■ **Exercise goal**
Leave out pictures; repeat exactly the lines from the "Vector comic clouds" line through the last of the data below.

[Short text fragments from websites]
-----
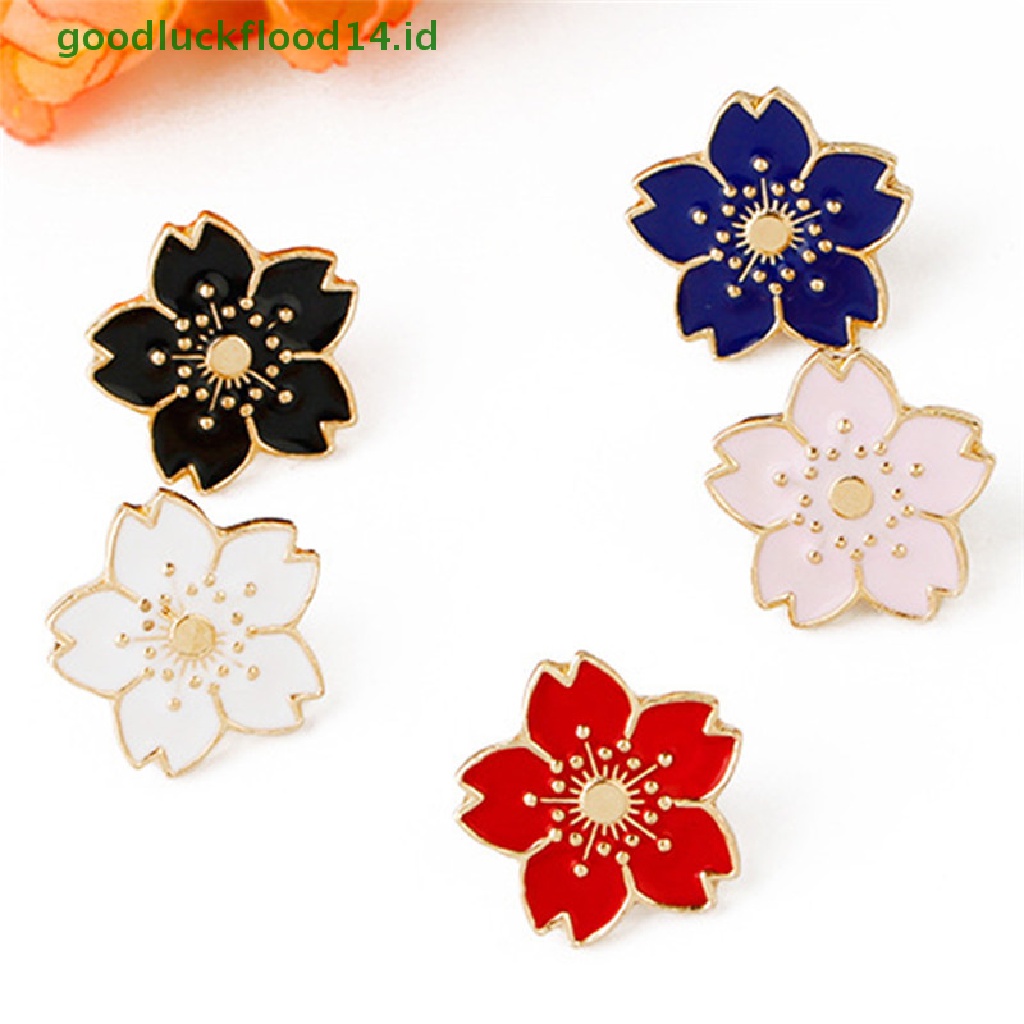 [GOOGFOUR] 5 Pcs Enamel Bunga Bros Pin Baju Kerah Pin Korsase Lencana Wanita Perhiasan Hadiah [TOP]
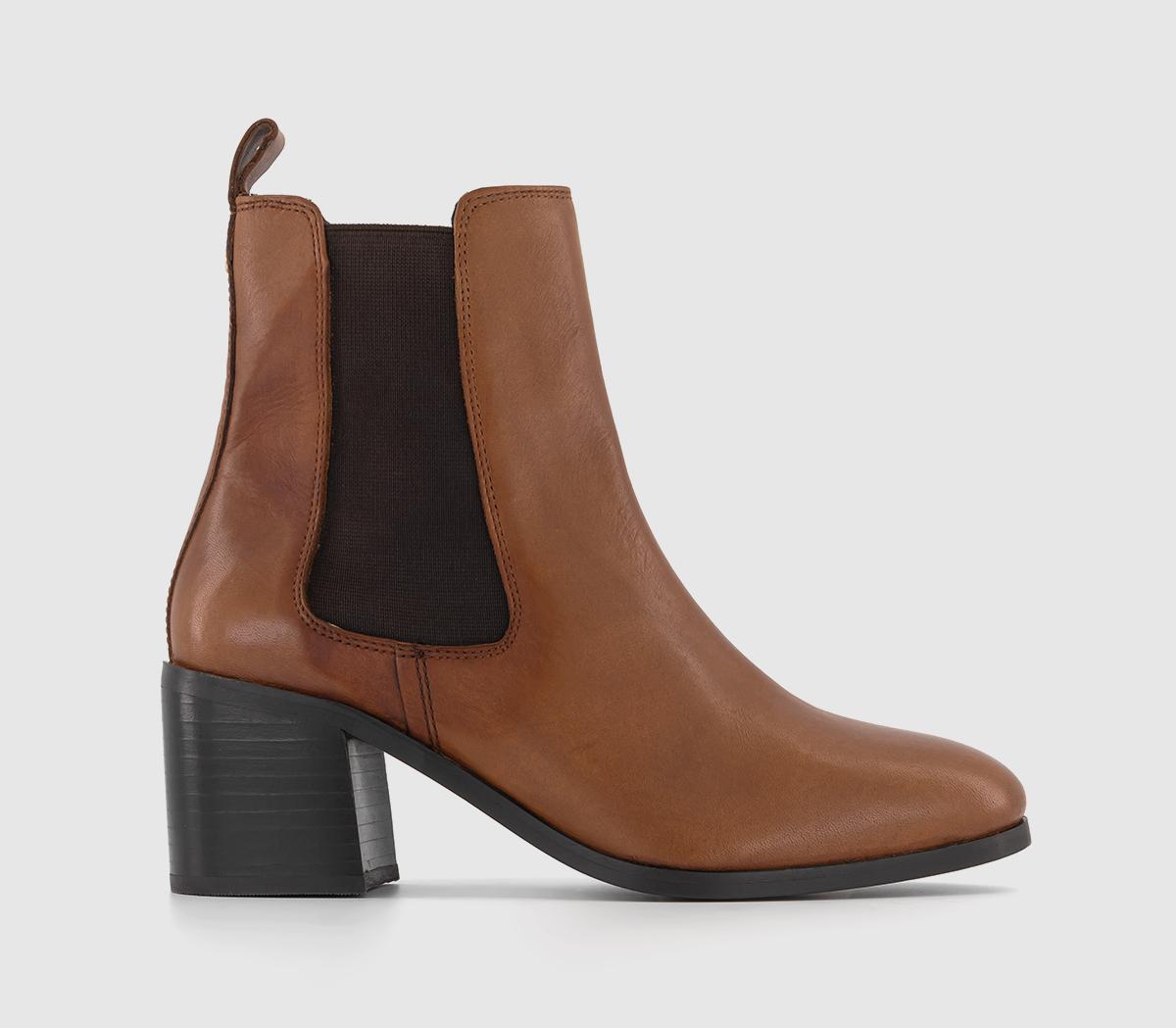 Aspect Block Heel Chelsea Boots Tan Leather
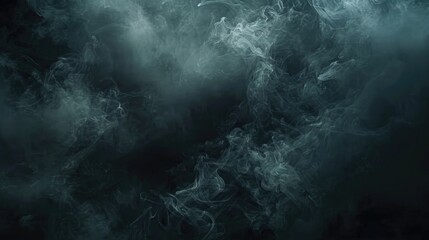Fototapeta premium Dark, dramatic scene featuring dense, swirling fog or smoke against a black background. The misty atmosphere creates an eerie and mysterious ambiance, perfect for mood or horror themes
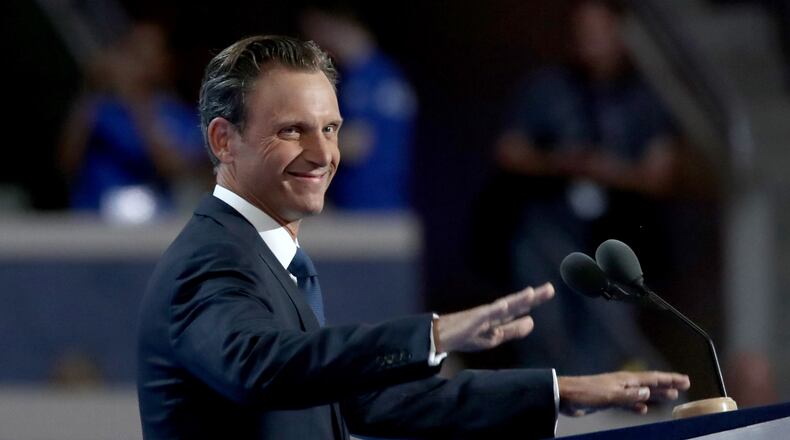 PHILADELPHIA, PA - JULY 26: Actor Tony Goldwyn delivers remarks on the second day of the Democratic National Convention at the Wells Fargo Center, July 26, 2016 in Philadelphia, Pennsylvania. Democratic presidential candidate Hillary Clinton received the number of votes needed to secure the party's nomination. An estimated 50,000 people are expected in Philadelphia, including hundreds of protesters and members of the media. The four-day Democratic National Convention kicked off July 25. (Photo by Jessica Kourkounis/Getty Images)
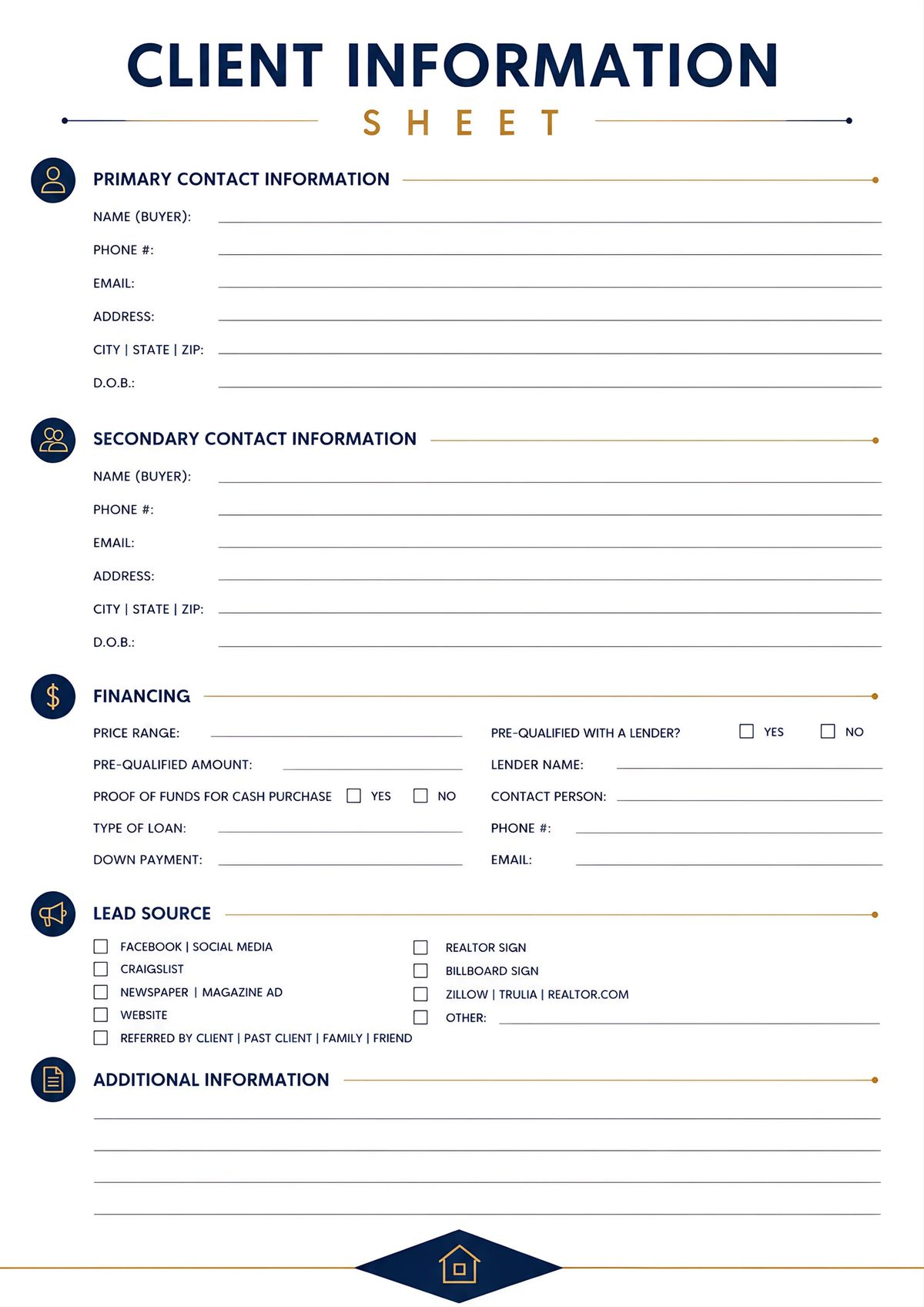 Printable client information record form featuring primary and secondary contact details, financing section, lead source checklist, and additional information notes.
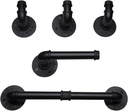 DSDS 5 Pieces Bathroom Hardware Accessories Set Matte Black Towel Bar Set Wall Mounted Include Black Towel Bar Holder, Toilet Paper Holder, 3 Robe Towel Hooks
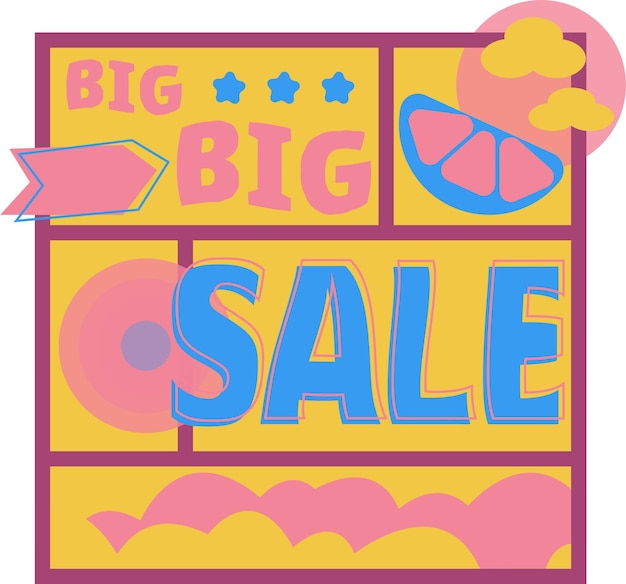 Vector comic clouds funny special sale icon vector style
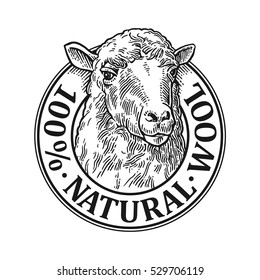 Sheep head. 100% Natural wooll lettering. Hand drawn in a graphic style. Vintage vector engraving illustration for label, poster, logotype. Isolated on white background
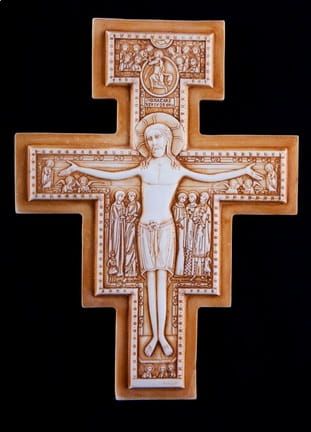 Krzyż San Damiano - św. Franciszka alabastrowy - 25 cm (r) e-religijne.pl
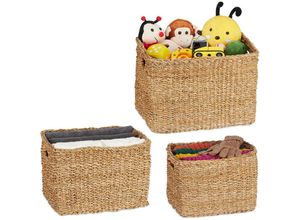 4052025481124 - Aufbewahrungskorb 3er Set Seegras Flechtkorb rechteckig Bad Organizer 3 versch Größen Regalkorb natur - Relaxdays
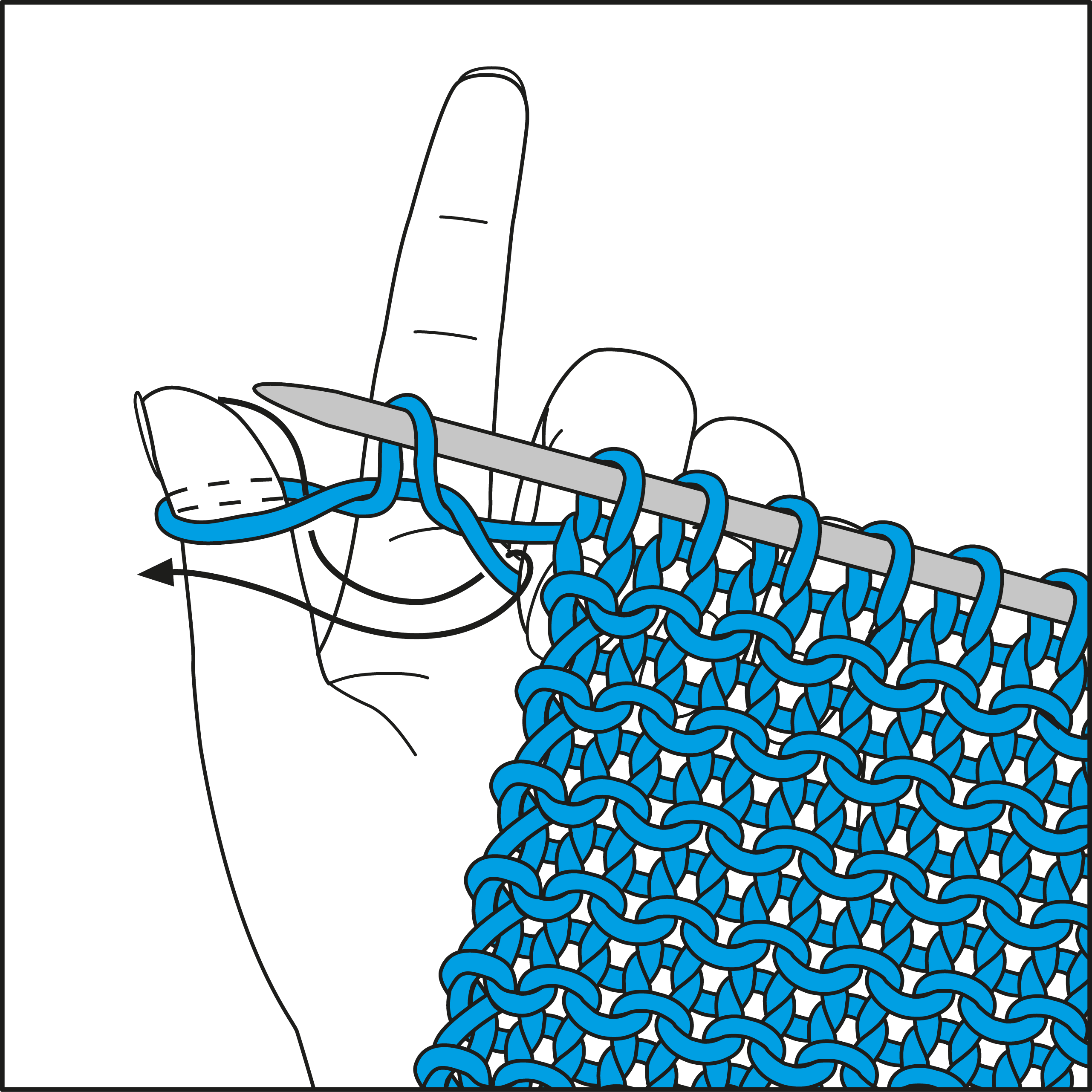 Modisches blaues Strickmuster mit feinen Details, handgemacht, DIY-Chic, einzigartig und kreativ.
-----
■ **Response for this exercise**
 Vector comic clouds funny special sale icon vector style
 Sheep head. 100% Natural wooll lettering. Hand drawn in a graphic style. Vintage vector engraving illustration for label, poster, logotype. Isolated on white background
 Krzyż San Damiano - św. Franciszka alabastrowy - 25 cm (r) e-religijne.pl
 4052025481124 - Aufbewahrungskorb 3er Set Seegras Flechtkorb rechteckig Bad Organizer 3 versch Größen Regalkorb natur - Relaxdays
 Modisches blaues Strickmuster mit feinen Details, handgemacht, DIY-Chic, einzigartig und kreativ.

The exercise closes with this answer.